## Instructions to follow
Exercise in exact copying: restate word for word only the lines below from the one containing "Apartment - Apartment" through the one containing "75Hz | Monitor", omitting any pictures.

## Material for the task
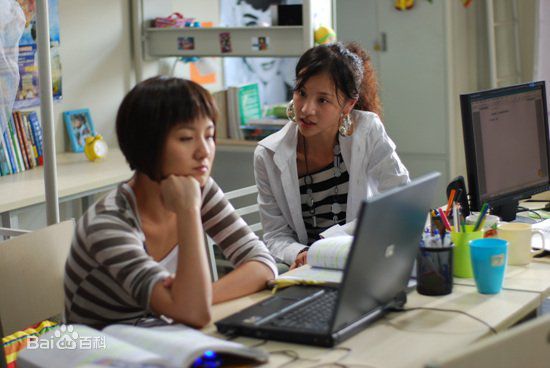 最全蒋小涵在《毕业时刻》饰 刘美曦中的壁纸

==

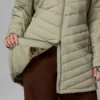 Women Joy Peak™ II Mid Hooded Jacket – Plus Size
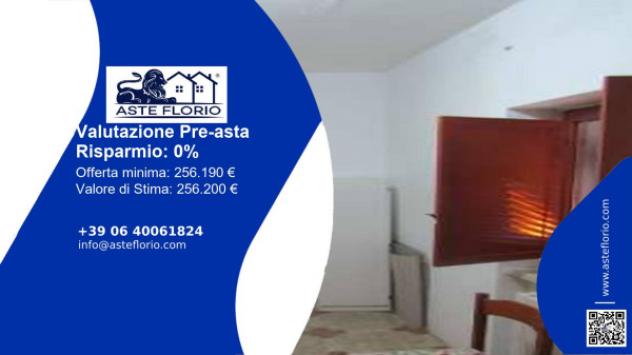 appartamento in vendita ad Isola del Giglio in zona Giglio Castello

==

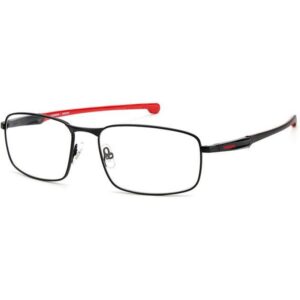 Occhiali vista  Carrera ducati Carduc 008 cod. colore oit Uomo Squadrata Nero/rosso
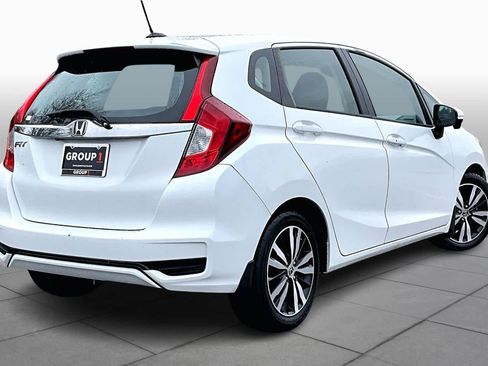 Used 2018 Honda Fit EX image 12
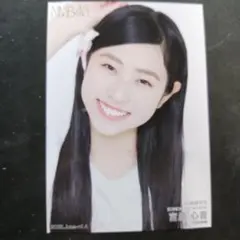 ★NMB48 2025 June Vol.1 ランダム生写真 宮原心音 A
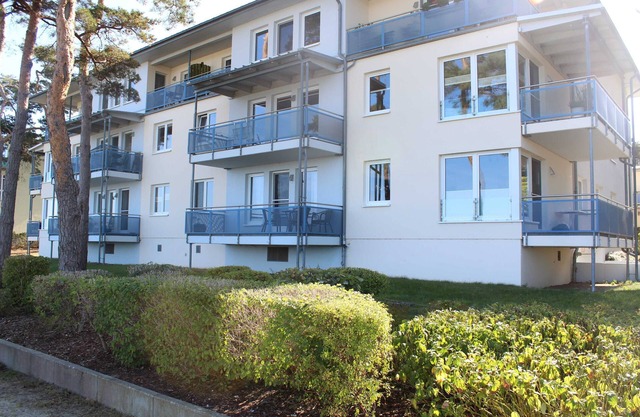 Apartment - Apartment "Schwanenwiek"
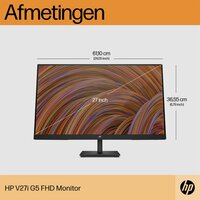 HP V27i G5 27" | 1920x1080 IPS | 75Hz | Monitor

## Output for this task
 Apartment - Apartment "Schwanenwiek"
 HP V27i G5 27" | 1920x1080 IPS | 75Hz | Monitor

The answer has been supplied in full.